# physics problem help?

A completely submerged chunk of metal sinks in water with an

acceleration equal to 1/5 of g ( where g=9.8 m/s2 ). Find the

specific gravity of this metal. Ignore all drag effects in the fluid.

### 2 Answers

- billrussell42Lv 71 month ago
The weight in air is w₀ = mg

the weight in water is w₁ = mg/5

buoyancy force is the difference = mg – mg/5 = (4/5)mg

Specific gravity is the ratio of the density of the material to the density of water

the buoyancy force is the weight of the displaced water = m₂g = V₂ρg where ρ is the density of water, V₂ is the volume of the displaced water.

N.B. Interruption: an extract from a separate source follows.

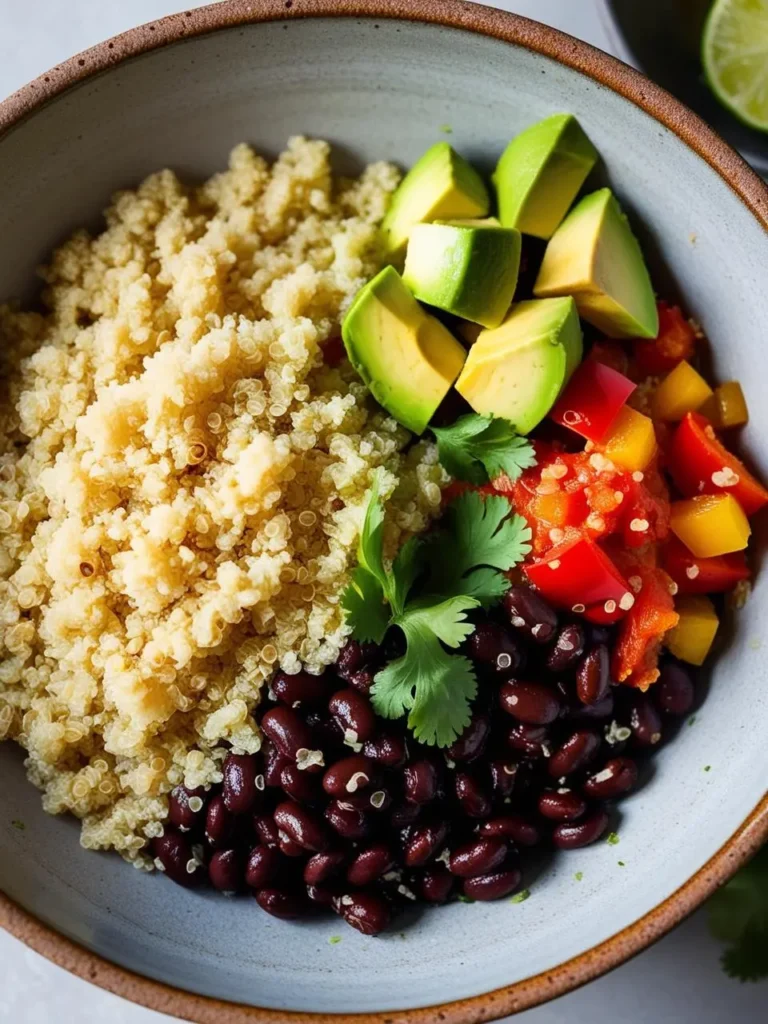 A colorful and nutritious bowl filled with fluffy quinoa, black beans, roasted bell peppers, avocado, and fresh cilantro. It looks like a delicious and healthy meal.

buoyancy force = (4/5)mg = V₂ρg

(4/5)m = V₂ρ

specific gravity = (m/V) / ρ

chunk's volume is the same as the volume of the displaced water

V = V₂

specific gravity = (m/V) / ρ

(4/5)m = Vρ

V = (4/5)m/ρ = 4m/5p

specific gravity = (m/(4m/5p)) / ρ

specific gravity = ((m/ρ) / (4m/5p))

specific gravity = (m/ρ) (5p/4m)

specific gravity = 5/4

density of fresh water at 20C = 0.998 g/cm³ = 0.998 kg/L

= 998 kg/m³ = 8.33 lb/gal = 62.1 lb/ft³

- Log in to reply to the answers

- Steve4PhysicsLv 71 month ago
You can shorten the working but here it is in detail:

Mass of metal = m. Mass of water displaced = M.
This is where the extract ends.